AT&T hikes private-line prices by up to 12%
7/27/98
By David Rohde
AT&T last week increased private-line prices across-the-board, putting new pressure on users to examine sharednetwork alternatives, such as frame relay.
As with other AT&T price hikes over the past two years, the increases were more severe at higher bandwidth levels. The carrier jacked up the prices of its long-distance T-3 and T-1 leased lines by 12% and 6%, respectively.
AT&T also increased its local channel rates but by lesser amounts, such as 3% for T-1 access lines (see graphic). These local-channel services, sometimes known as "Tariff 11," involve AT&T buying dedicated access lines from local carriers and passing the cost on to users.
Rate increases will vary based on the origination and termination points of individual AT&T private lines. But most customers will get hit with price increases that fall somewhere between the maximum long-distance and local circuit rate increases.
For example, a Seattle-to-San Diego T-1 line that previously cost $10,211 per month end-to-end, now costs $10,744 per month, a 5.2% increase. A Philadelphia-to-Baltimore T-1 rose from $5,990 to $6,276, a 4.8% increase.
Analyst Tom Nolle, president of CIMI Corp., a Voorhees, N.J., consulting firm, said AT&T needed to raise private-line prices to keep encouraging new users to move to frame relay. With network capacity tight, AT&T and other carriers are keen to shift traffic to frame relay and other shared networks that don't permanently tie up paths for each user, he said.
Frame relay race
The problem for carriers is that recent enhancements to frame relay services throughout the industry have effectively raised frame relay's cost, bringing frame and private lines closer in price and discouraging user migration.
For example, AT&T and other carriers now frequently require users to buy or lease enhanced DSUs/CSUs to measure performance if they want a strict frame relay service-level agreement.
Those arrangements have raised frame relay's cost back to within 25% of the cost of private lines, Nolle said. And users need at least that much in savings to make the switch from private lines to frame relay. "A number of carriers have told me that the rate of frame relay adoption is slowing," he said.
The steeper rate increase for T-3 lines is meant to discourage resellers and other carriers from attempting to buy AT&T capacity, which has been in short supply, and use the lines to support their own services.

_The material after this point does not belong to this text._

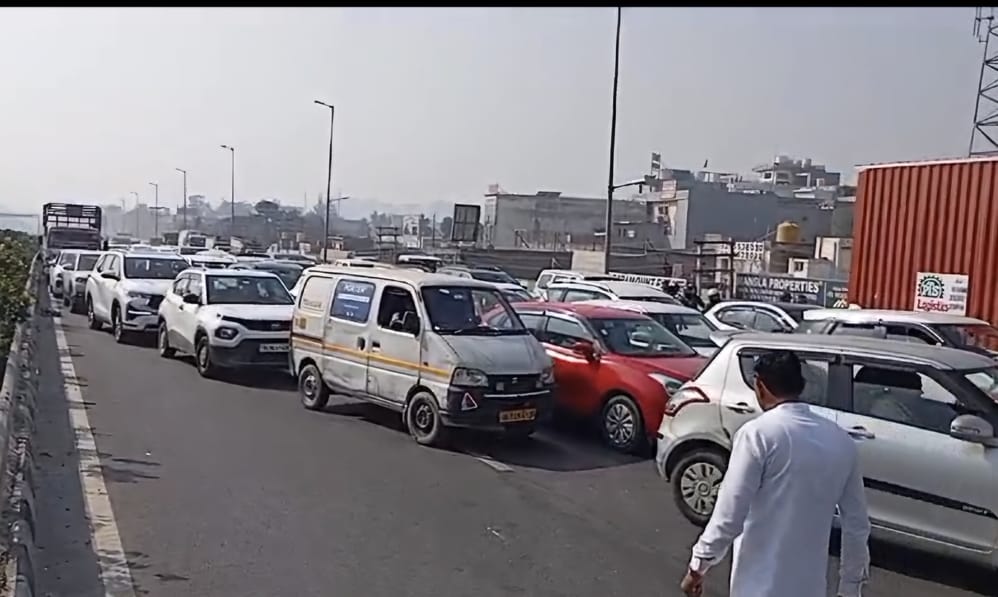 The matter of jam at Kundli border reached the court of Delhi's Deputy Chief Minister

"AT&T has to be very careful to look at their price of raw digital bandwidth," Nolle said. "If it's too low that creates an arbitrage opportunity for competitors who can buy it up and convert it to frame relay or IP bandwidth."
For AT&T's part, the carrier said it needs the extra revenue to pay for its Synchronous Optical Network (SONET) and ATM network upgrades in a program collectively known as Fast Automated Restoral (FASTAR) II.
FASTAR's original version several years ago provided five-minute restoral of physical line breaks rather than the millisecond-restoral capability of SONET rings.